▶

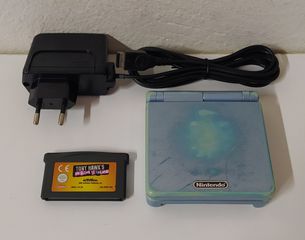 Nintendo Gameboy Advance SP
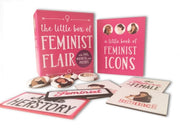 Little Book Of Feminist Flair By Mancuso, Lauren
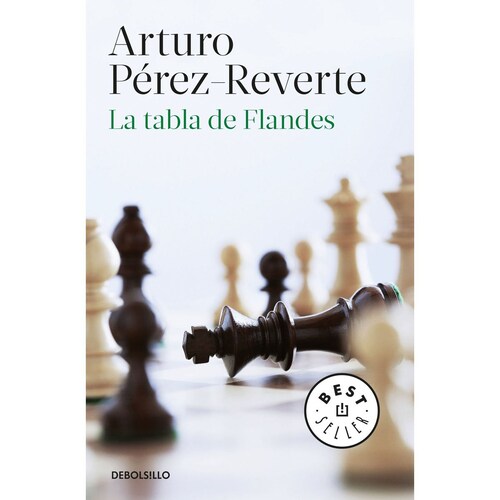 La Tabla de Flandes Penguin Rhge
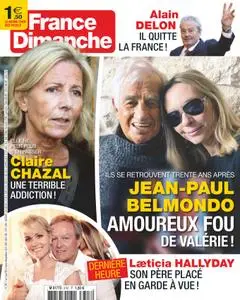 France Dimanche - 07 juin 2019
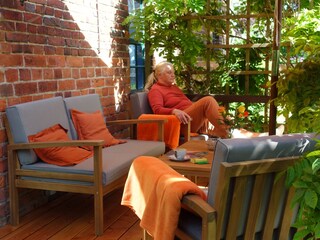 Vakantieappartement Röbel Müritz Omgeving 13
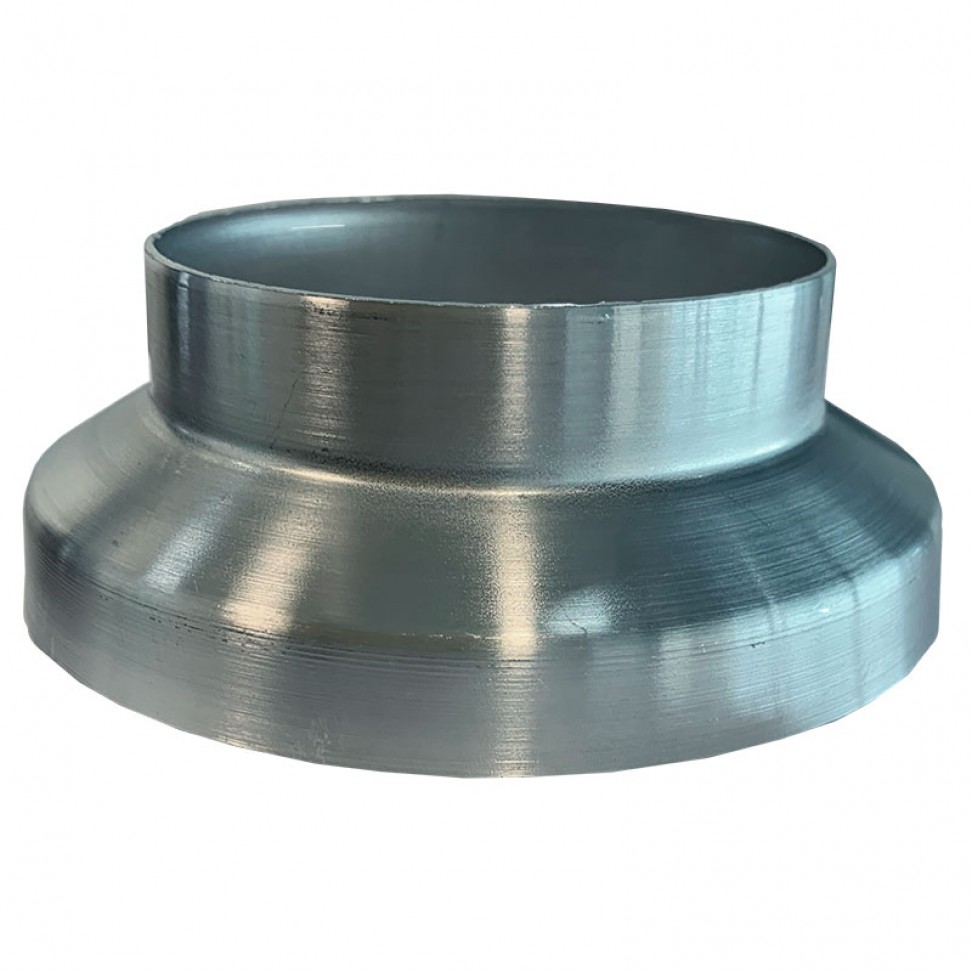 Redu��o Tubo Aluminio 90/80
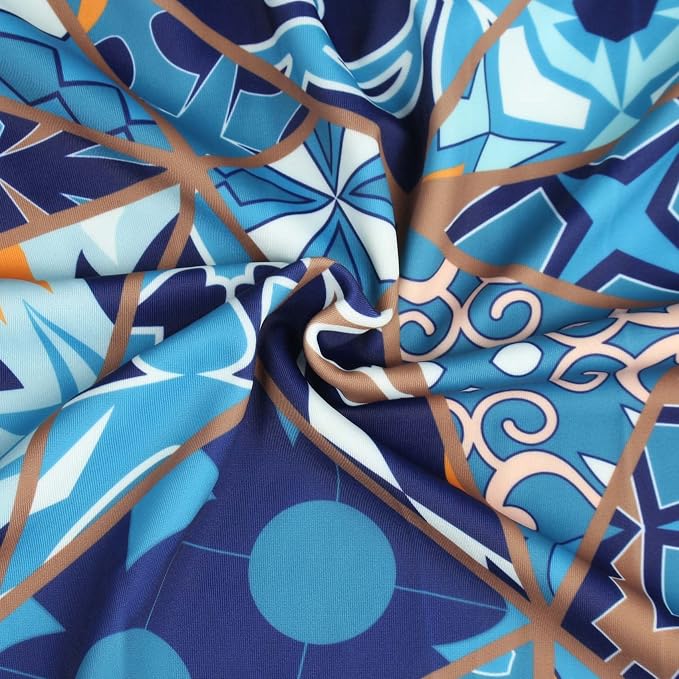 Explore Land Travel Luggage Cover Suitcase Protector Fits 18-22 Inch Case - Image 4
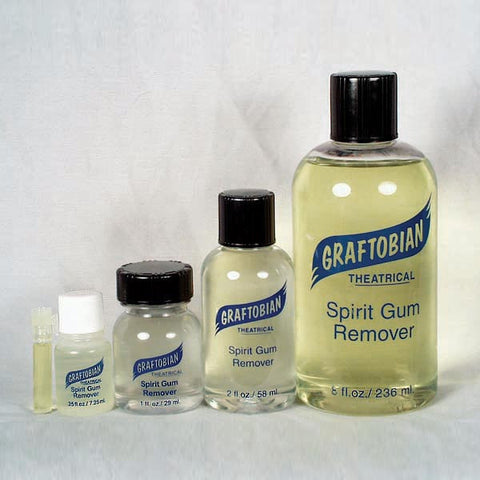 Spirit Gum Remover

◀

EXERCISE PROMPT: Images must not appear; print each record precisely as it reads.

WRITTEN RESPONSE:
 Nintendo Gameboy Advance SP
 Little Book Of Feminist Flair By Mancuso, Lauren
 La Tabla de Flandes Penguin Rhge
 France Dimanche - 07 juin 2019
 Vakantieappartement Röbel Müritz Omgeving 13
 Redu��o Tubo Aluminio 90/80
 Explore Land Travel Luggage Cover Suitcase Protector Fits 18-22 Inch Case - Image 4
 Spirit Gum Remover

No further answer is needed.